1. Partial Neutralisation of Ethanoic Acid:

• Add 25 cm³ of 0.1 mol dm⁻³ sodium hydroxide ($NaOH$) to 50 cm³ of 0.1 mol dm⁻³ ethanoic acid in a beaker.
• This neutralises half of the ethanoic acid, forming an ethanoic acid/sodium ethanoate buffer in the process.

2. Make Up to 250 cm³:

• Transfer the solution to a 250 cm³ volumetric flask and make up the volume to 250 cm³ using distilled water.
• Measure and record the pH of this buffer using the pH meter.

Analysis:

Using the Henderson-Hasselbalch Equation:

• The buffer contains 0.025 mol of sodium ethanoate and an equal concentration of ethanoic acid (since 2.05 g of sodium ethanoate were used).
• The pKa of ethanoic acid is 4.75. When the concentrations of the acid and salt are equal, the equation simplifies to:

$$pH = pK_a + \log \left( \frac{[\text{salt}]}{[\text{acid}]} \right)$$

Since the ratio of salt to acid is 1:1, $\log 1 = 0$, so:

$$pH = pK_a = 4.75$$

Adjusting pH to 4.25:

If a pH of 4.25 is required, use the Henderson-Hasselbalch equation to adjust the ratio of salt to acid:

$$4.25 = 4.75 + \log \left( \frac{[\text{salt}]}{[\text{acid}]} \right)$$

Solving this gives:

$$\log \left( \frac{[\text{salt}]}{[\text{acid}]} \right) = -0.50$$ $$\frac{[\text{salt}]}{[\text{acid}]} = 0.50$$

This means the ratio of salt to acid should be 0.5:1, i.e., half the amount of sodium ethanoate should be used. Therefore, to prepare a buffer with pH 4.25, 1.025 g of sodium ethanoate should be dissolved in the same volume of ethanoic acid solution.

Conclusion:

By preparing a buffer solution using both the direct and indirect methods, students gain insight into how buffers are made and tested. They learn how to apply the Henderson-Hasselbalch equation to calculate pH based on the ratio of weak acid to its conjugate base. Buffers play a crucial role in maintaining pH stability, which is essential in biological systems and industrial applications.

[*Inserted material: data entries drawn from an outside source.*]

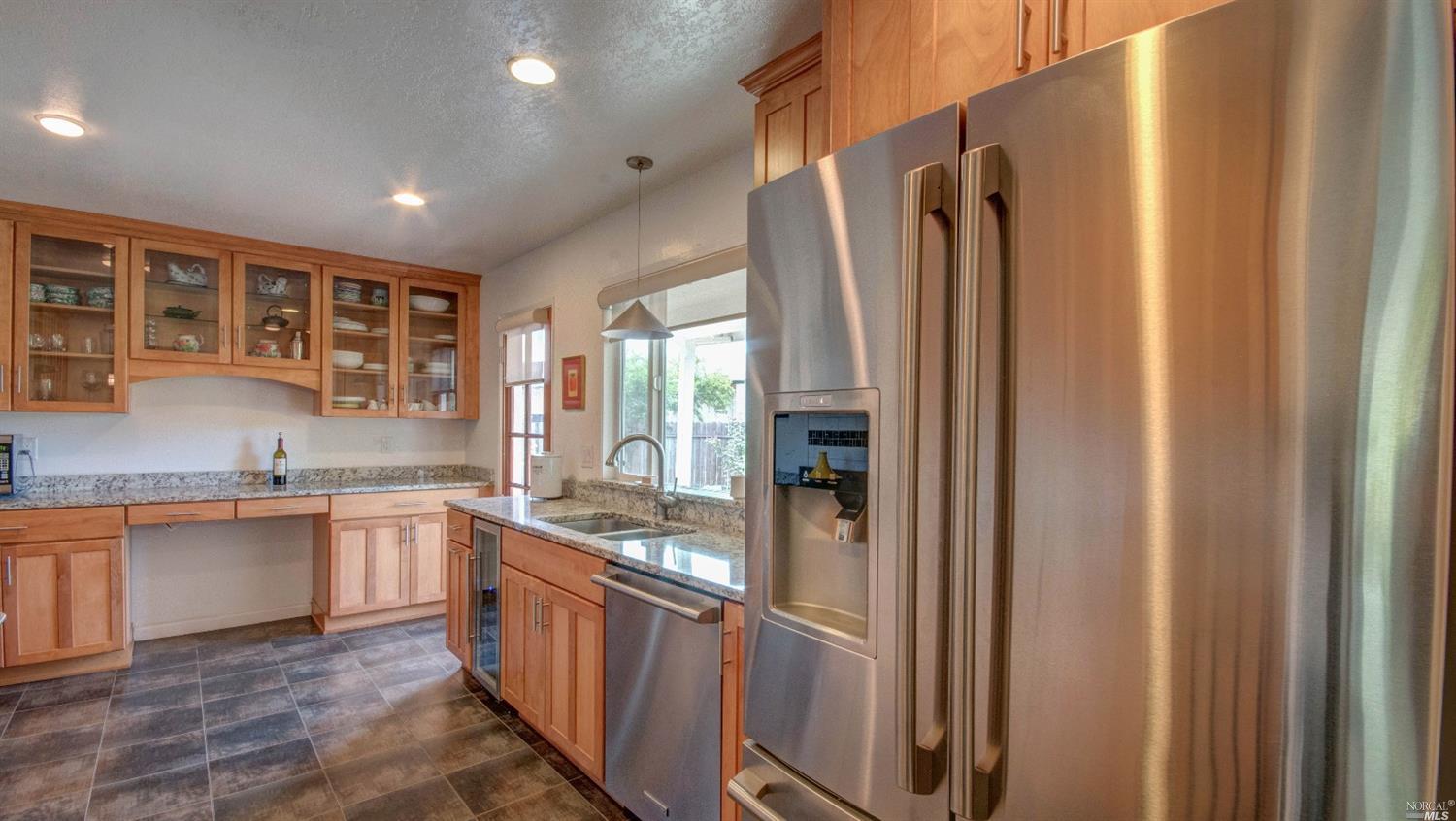 40 Everett Rd, Petaluma, CA 94952 photo 8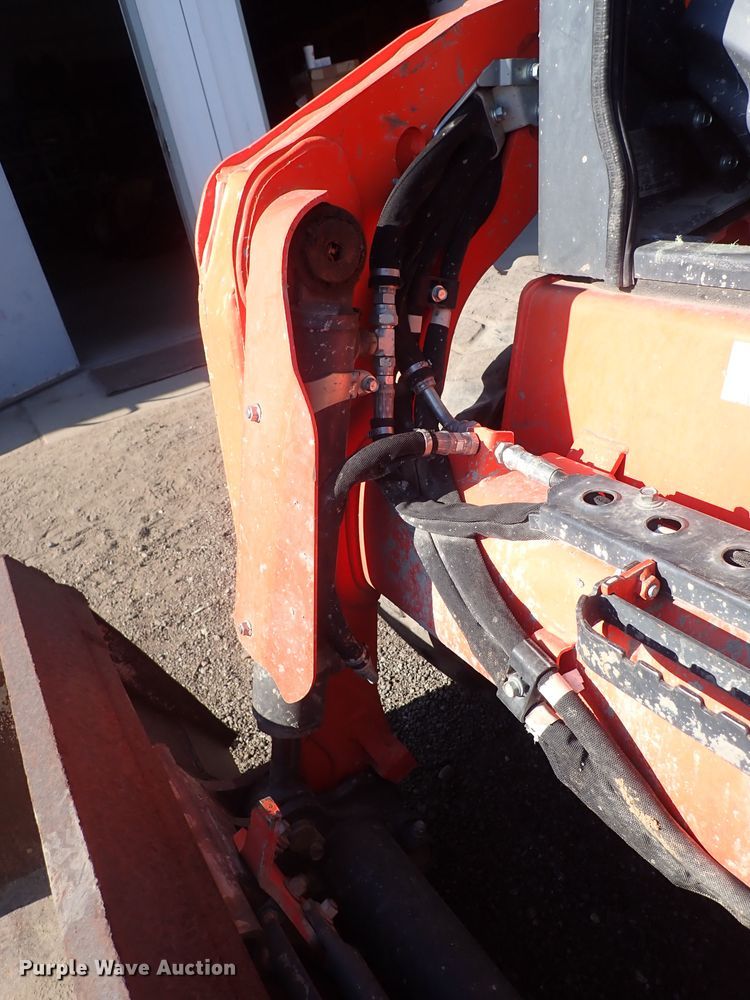 image for item DG2709 2016 Kubota SSV75  skid steer loader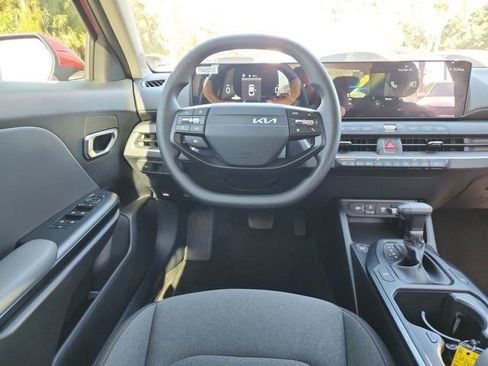 New 2025 Kia K4 LXS image 9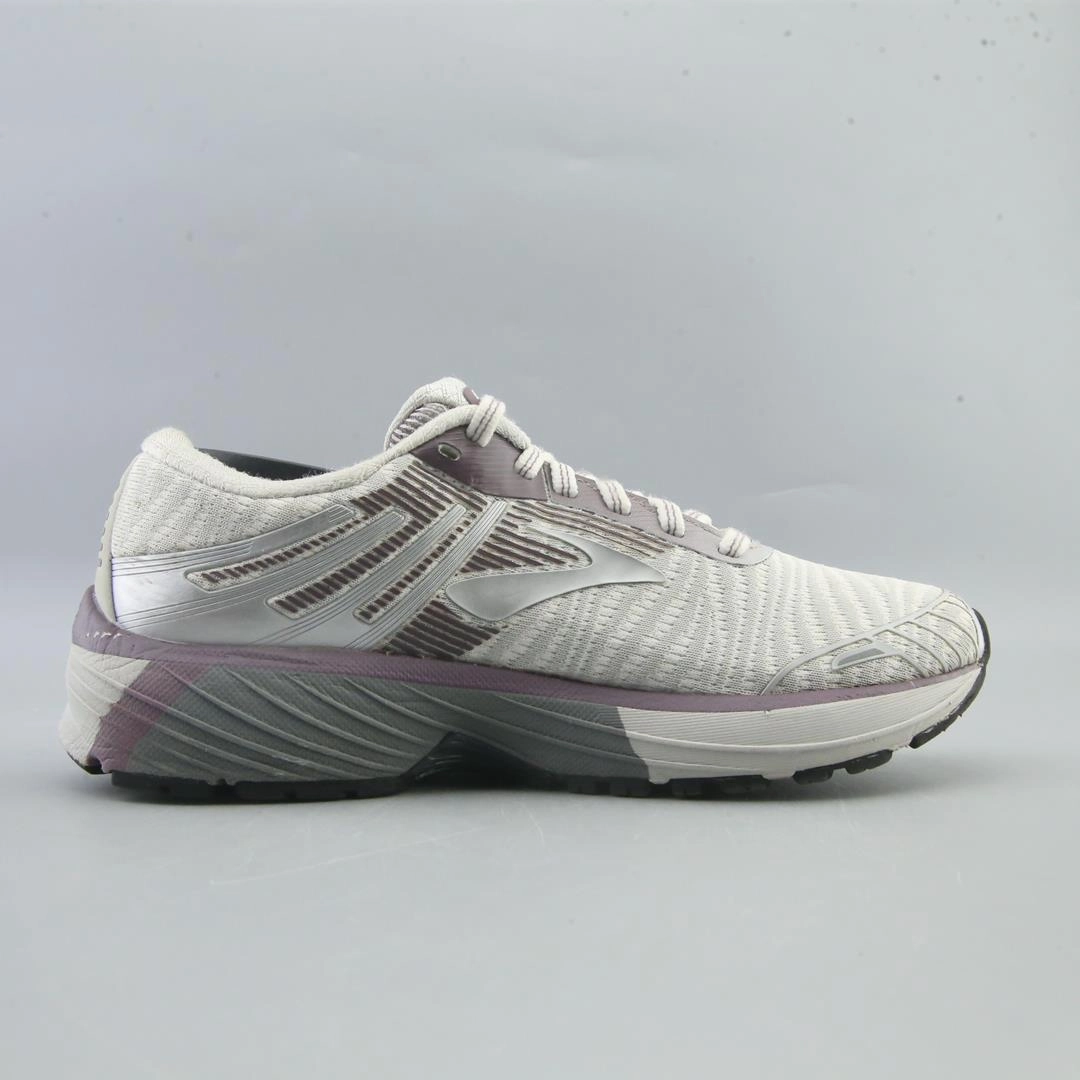BROOKS ADRENALINE GTS 18 Brooks running shoe close-ups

Practical Tips for Success:

• Accurate Calibration: Ensure the pH metre is well-calibrated before use, as precise pH readings are crucial for buffer experiments.
• Thorough Mixing: When preparing buffer solutions, ensure that all components are completely dissolved and the solution is well-mixed before taking pH measurements.
• Minimising Errors: When transferring solutions to volumetric flasks, make sure to include rinsings to avoid loss of material and maintain concentration accuracy.